| What to work on |
The expected result is a verbatim repetition of the lines from the start of the entries through the line containing "Лялька Hasbro Baby", with the pictures removed.

| Raw data |
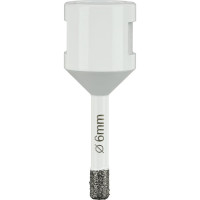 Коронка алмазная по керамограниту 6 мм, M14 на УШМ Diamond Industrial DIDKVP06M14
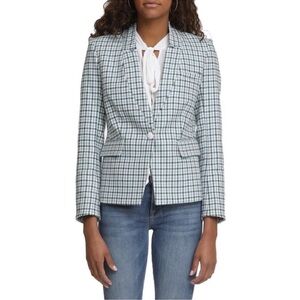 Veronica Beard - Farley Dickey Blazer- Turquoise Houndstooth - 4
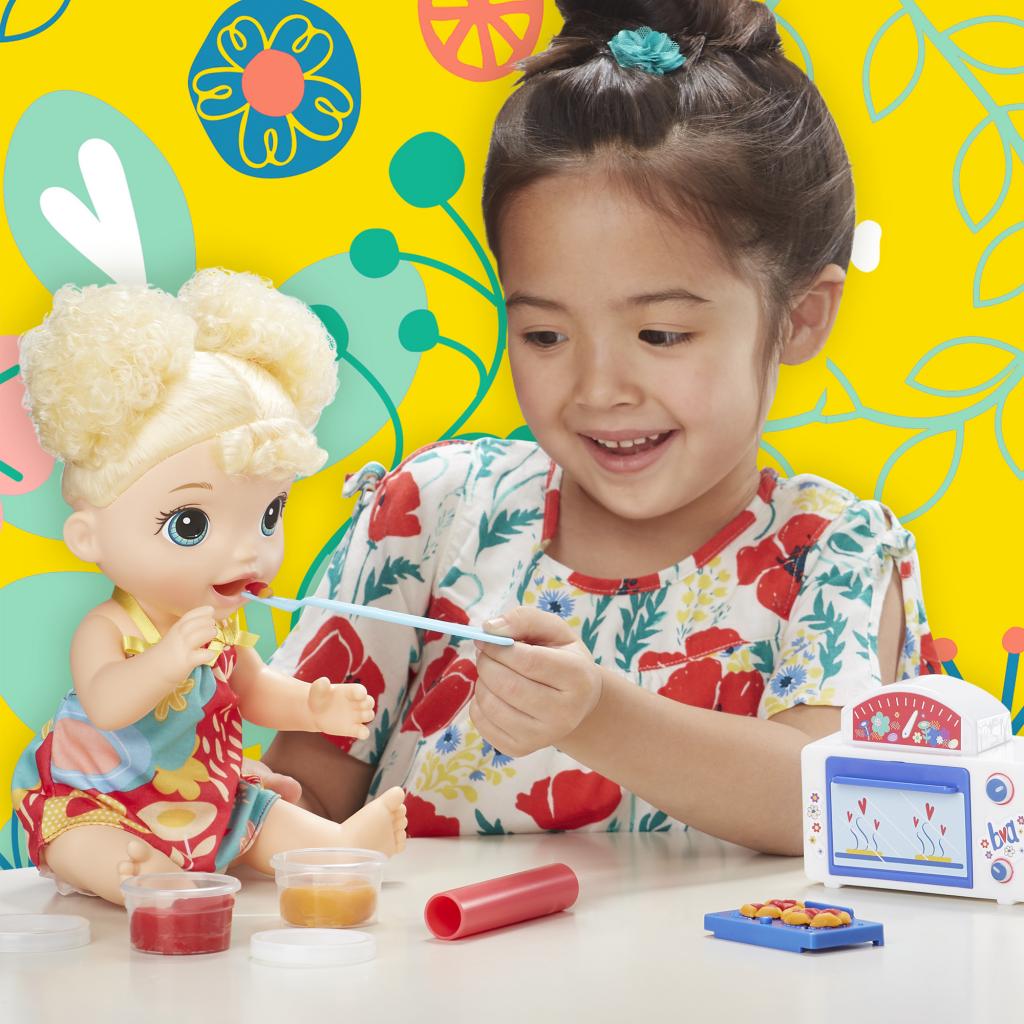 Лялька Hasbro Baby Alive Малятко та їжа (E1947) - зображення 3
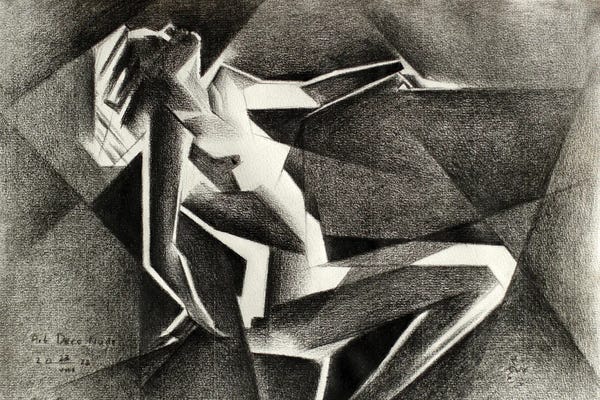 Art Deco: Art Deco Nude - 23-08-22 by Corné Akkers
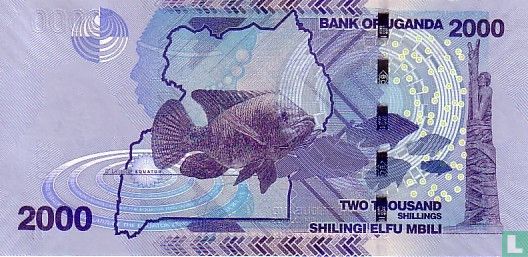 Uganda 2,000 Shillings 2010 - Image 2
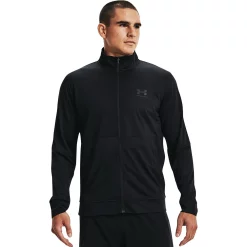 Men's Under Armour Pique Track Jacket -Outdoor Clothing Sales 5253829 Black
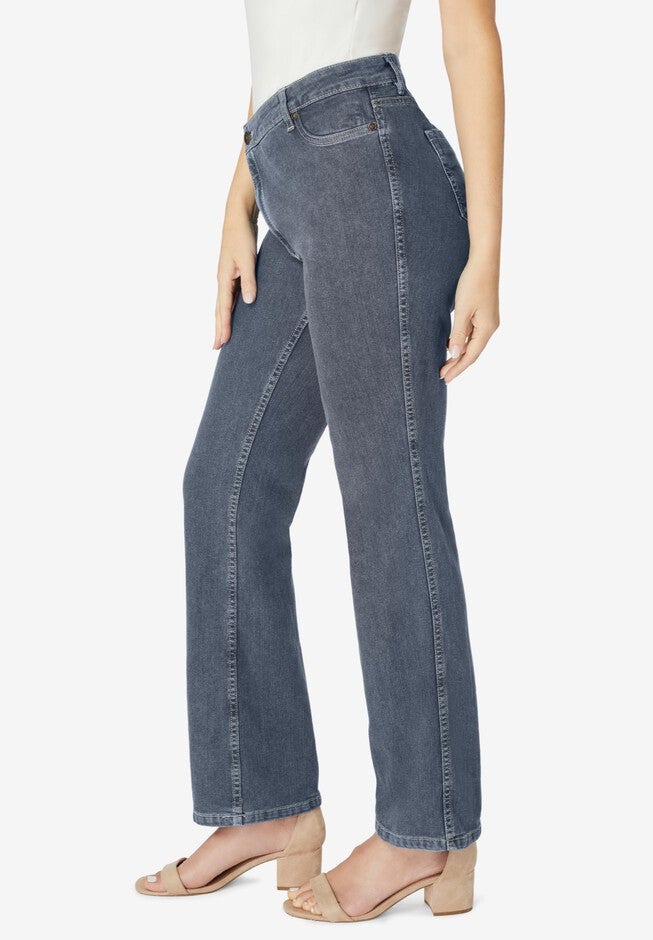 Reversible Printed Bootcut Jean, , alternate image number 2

| Answer space |
 Коронка алмазная по керамограниту 6 мм, M14 на УШМ Diamond Industrial DIDKVP06M14
 Veronica Beard - Farley Dickey Blazer- Turquoise Houndstooth - 4
 Лялька Hasbro Baby Alive Малятко та їжа (E1947) - зображення 3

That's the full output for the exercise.